Problem to solve: After locating the line with "#246 Using the" in the entries below, output it and each following line up to and including the line with "Long Sleeve Lace Hanky Hem Top", exactly and without pictures.

*** Working data ***

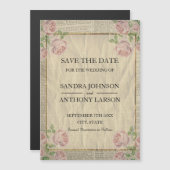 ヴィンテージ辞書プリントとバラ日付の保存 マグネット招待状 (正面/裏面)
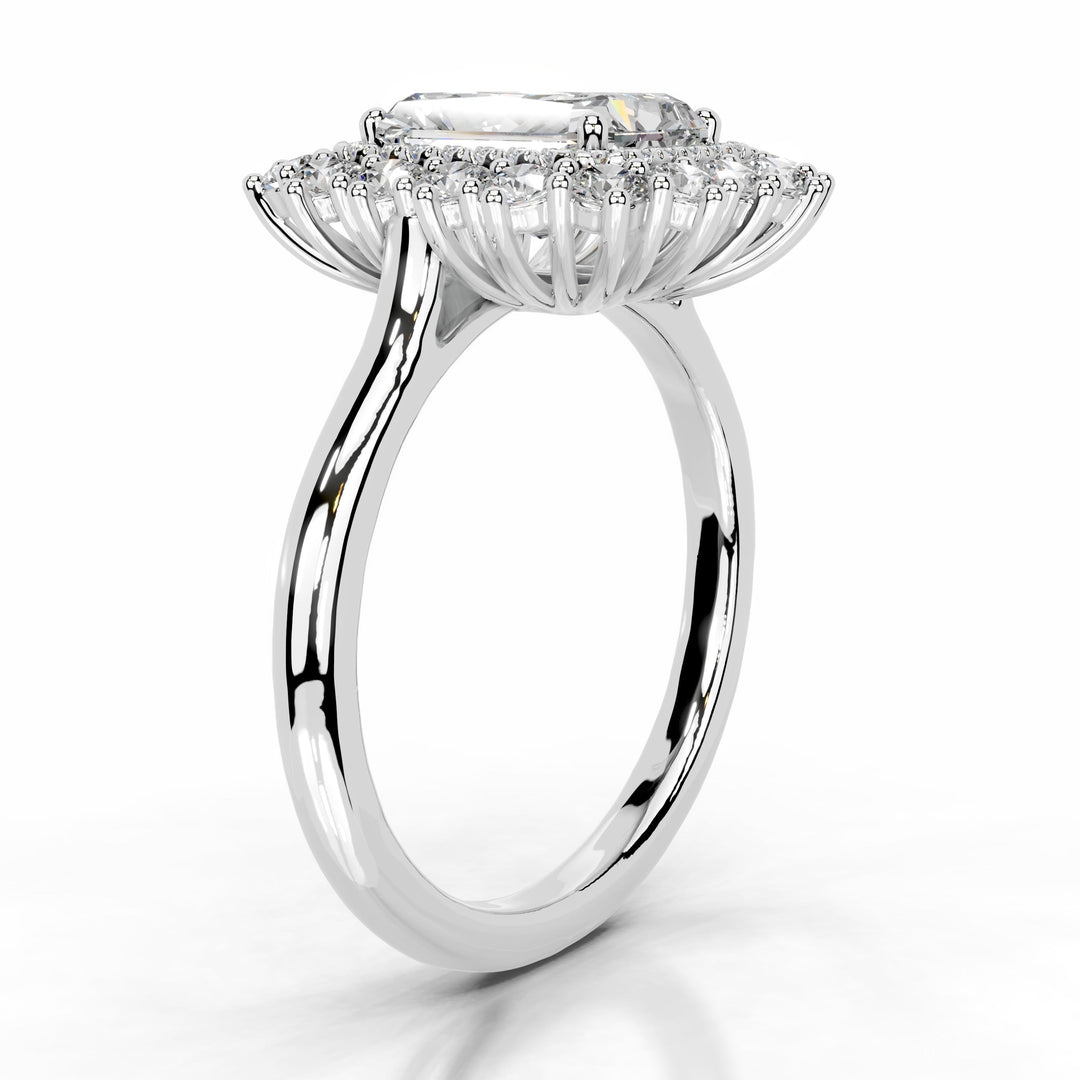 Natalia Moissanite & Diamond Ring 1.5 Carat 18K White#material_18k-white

*** End of Working data ***
*** Working data ***

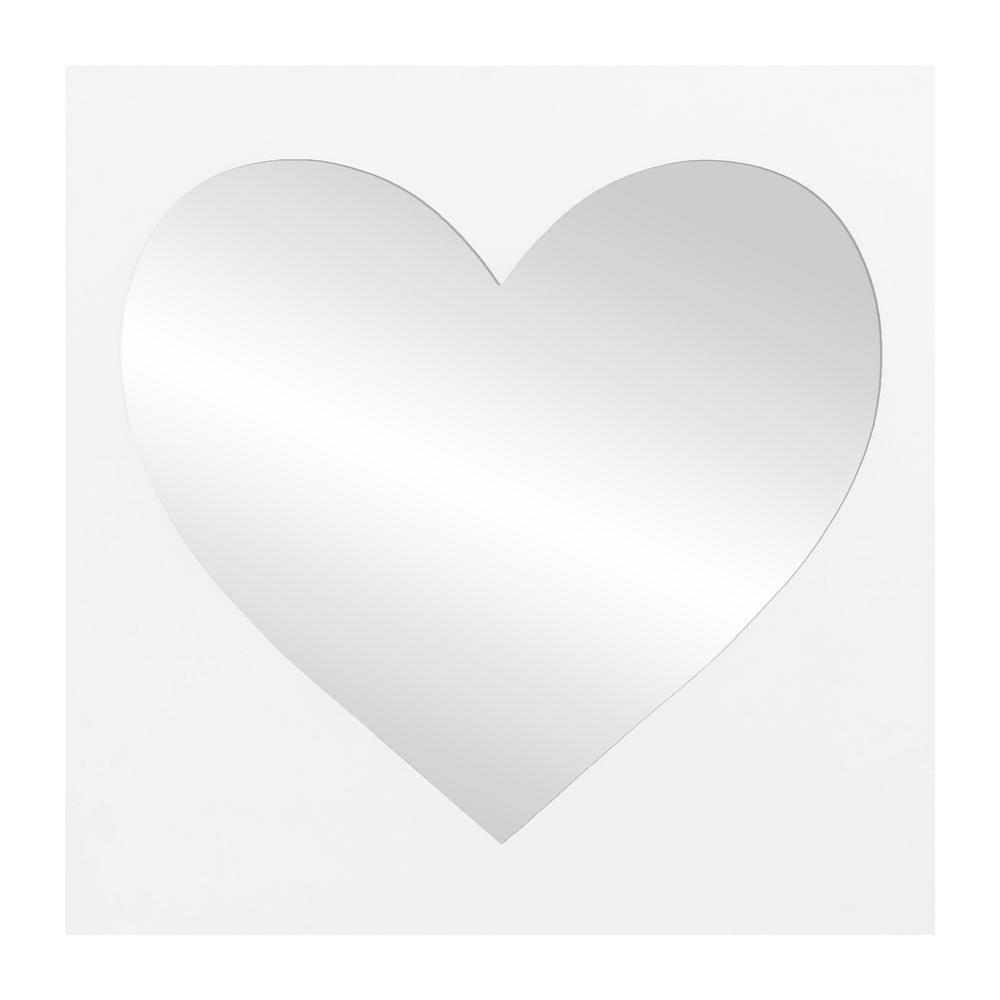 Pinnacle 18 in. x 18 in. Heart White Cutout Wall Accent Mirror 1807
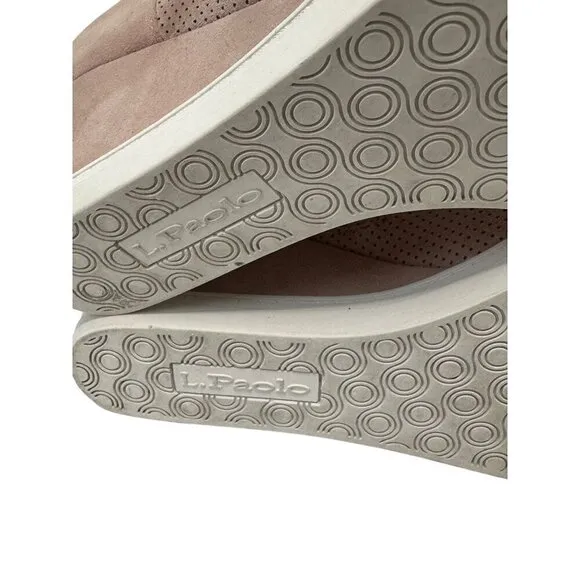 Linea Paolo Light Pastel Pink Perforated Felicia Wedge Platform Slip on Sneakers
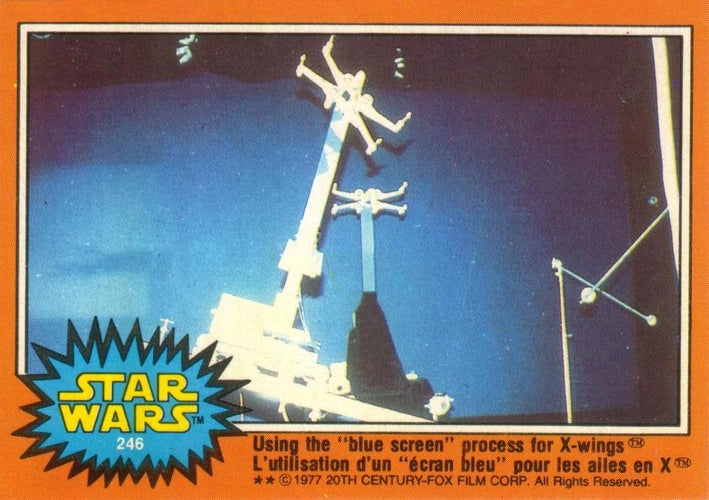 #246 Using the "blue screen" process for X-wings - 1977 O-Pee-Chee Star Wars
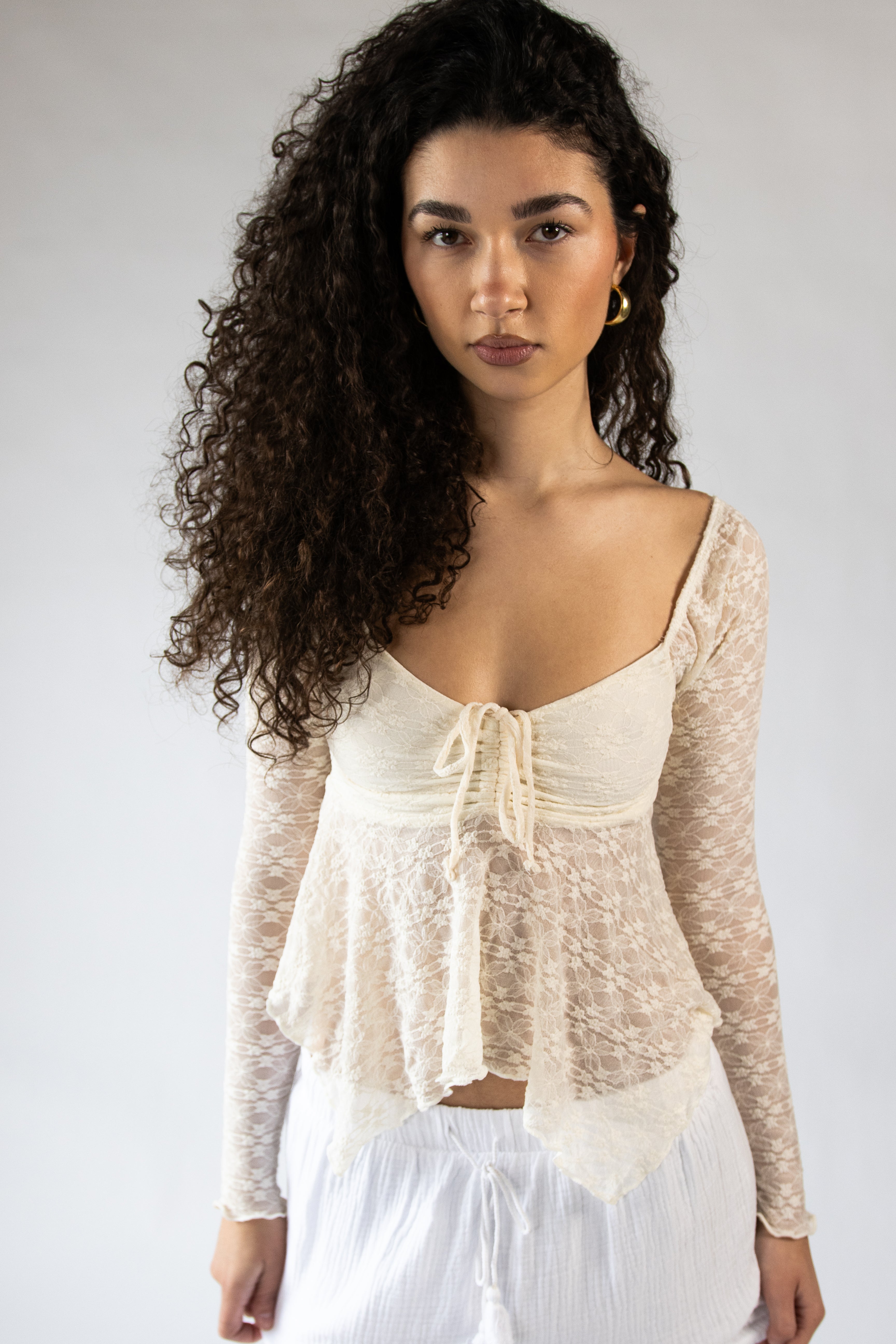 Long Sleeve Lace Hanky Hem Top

*** End of Working data ***
*** Working data ***

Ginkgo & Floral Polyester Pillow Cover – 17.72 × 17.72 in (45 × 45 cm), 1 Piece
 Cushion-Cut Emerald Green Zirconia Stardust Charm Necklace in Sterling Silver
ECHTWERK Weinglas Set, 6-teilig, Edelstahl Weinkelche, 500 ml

*** End of Working data ***

Solved problem:
 #246 Using the "blue screen" process for X-wings - 1977 O-Pee-Chee Star Wars
 Long Sleeve Lace Hanky Hem Top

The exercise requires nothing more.